[Dataset items]
=== Section Start ===
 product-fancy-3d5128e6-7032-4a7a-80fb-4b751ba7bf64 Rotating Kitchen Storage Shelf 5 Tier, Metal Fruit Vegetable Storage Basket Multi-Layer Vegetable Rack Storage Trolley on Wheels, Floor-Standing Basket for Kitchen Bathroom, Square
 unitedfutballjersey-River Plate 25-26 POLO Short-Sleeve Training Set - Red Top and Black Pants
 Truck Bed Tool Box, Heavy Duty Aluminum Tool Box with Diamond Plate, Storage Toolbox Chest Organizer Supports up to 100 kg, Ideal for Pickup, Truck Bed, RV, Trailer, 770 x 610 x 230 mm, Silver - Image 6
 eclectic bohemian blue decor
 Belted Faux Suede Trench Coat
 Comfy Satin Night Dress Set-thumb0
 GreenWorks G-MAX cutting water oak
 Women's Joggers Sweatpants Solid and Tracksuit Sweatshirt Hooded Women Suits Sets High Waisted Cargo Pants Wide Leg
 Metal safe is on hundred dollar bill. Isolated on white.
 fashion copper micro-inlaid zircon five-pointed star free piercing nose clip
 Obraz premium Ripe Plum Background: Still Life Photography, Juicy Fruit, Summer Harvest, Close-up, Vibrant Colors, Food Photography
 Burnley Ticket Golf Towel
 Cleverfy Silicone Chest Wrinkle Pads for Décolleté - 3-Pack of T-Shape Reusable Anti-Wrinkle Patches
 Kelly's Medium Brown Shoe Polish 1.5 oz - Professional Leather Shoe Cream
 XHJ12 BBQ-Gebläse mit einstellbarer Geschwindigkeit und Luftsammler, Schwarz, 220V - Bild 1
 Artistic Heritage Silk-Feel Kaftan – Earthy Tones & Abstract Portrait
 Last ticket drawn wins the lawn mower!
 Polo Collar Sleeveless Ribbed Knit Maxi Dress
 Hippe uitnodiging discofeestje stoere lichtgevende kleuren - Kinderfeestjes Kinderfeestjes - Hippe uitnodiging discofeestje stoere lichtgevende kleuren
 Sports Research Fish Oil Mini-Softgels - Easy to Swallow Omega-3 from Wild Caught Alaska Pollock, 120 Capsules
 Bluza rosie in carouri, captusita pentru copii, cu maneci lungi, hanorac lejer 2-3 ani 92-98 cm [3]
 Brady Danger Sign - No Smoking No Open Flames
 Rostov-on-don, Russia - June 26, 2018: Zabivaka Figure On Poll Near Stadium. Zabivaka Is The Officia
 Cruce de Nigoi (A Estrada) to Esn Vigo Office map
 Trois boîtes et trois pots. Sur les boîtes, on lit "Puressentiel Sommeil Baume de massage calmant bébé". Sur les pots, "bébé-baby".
=== Section End ===
■ Exercise objective: Transcribe the full set of records without altering a single character.

■ Output of the task:
 product-fancy-3d5128e6-7032-4a7a-80fb-4b751ba7bf64 Rotating Kitchen Storage Shelf 5 Tier, Metal Fruit Vegetable Storage Basket Multi-Layer Vegetable Rack Storage Trolley on Wheels, Floor-Standing Basket for Kitchen Bathroom, Square
 unitedfutballjersey-River Plate 25-26 POLO Short-Sleeve Training Set - Red Top and Black Pants
 Truck Bed Tool Box, Heavy Duty Aluminum Tool Box with Diamond Plate, Storage Toolbox Chest Organizer Supports up to 100 kg, Ideal for Pickup, Truck Bed, RV, Trailer, 770 x 610 x 230 mm, Silver - Image 6
 eclectic bohemian blue decor
 Belted Faux Suede Trench Coat
 Comfy Satin Night Dress Set-thumb0
 GreenWorks G-MAX cutting water oak
 Women's Joggers Sweatpants Solid and Tracksuit Sweatshirt Hooded Women Suits Sets High Waisted Cargo Pants Wide Leg
 Metal safe is on hundred dollar bill. Isolated on white.
 fashion copper micro-inlaid zircon five-pointed star free piercing nose clip
 Obraz premium Ripe Plum Background: Still Life Photography, Juicy Fruit, Summer Harvest, Close-up, Vibrant Colors, Food Photography
 Burnley Ticket Golf Towel
 Cleverfy Silicone Chest Wrinkle Pads for Décolleté - 3-Pack of T-Shape Reusable Anti-Wrinkle Patches
 Kelly's Medium Brown Shoe Polish 1.5 oz - Professional Leather Shoe Cream
 XHJ12 BBQ-Gebläse mit einstellbarer Geschwindigkeit und Luftsammler, Schwarz, 220V - Bild 1
 Artistic Heritage Silk-Feel Kaftan – Earthy Tones & Abstract Portrait
 Last ticket drawn wins the lawn mower!
 Polo Collar Sleeveless Ribbed Knit Maxi Dress
 Hippe uitnodiging discofeestje stoere lichtgevende kleuren - Kinderfeestjes Kinderfeestjes - Hippe uitnodiging discofeestje stoere lichtgevende kleuren
 Sports Research Fish Oil Mini-Softgels - Easy to Swallow Omega-3 from Wild Caught Alaska Pollock, 120 Capsules
 Bluza rosie in carouri, captusita pentru copii, cu maneci lungi, hanorac lejer 2-3 ani 92-98 cm [3]
 Brady Danger Sign - No Smoking No Open Flames
 Rostov-on-don, Russia - June 26, 2018: Zabivaka Figure On Poll Near Stadium. Zabivaka Is The Officia
 Cruce de Nigoi (A Estrada) to Esn Vigo Office map
 Trois boîtes et trois pots. Sur les boîtes, on lit "Puressentiel Sommeil Baume de massage calmant bébé". Sur les pots, "bébé-baby".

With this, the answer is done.